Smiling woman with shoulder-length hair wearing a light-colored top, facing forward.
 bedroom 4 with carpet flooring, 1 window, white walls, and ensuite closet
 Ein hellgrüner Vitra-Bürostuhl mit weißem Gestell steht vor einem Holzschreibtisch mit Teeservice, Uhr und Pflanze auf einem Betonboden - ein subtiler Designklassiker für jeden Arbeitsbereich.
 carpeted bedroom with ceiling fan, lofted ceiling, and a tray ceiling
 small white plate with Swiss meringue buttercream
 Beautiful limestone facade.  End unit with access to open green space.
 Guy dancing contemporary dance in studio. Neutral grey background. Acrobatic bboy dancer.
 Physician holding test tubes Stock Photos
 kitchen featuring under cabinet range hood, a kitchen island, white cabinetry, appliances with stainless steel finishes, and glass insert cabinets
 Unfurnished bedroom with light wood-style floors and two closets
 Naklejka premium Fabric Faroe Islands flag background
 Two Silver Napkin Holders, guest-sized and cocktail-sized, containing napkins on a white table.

Task brief: Each line from the one containing "Naklejka premium Fabric" to the last line above must be returned exactly, and no line outside that range.

Answer for the task:
 Naklejka premium Fabric Faroe Islands flag background
 Two Silver Napkin Holders, guest-sized and cocktail-sized, containing napkins on a white table.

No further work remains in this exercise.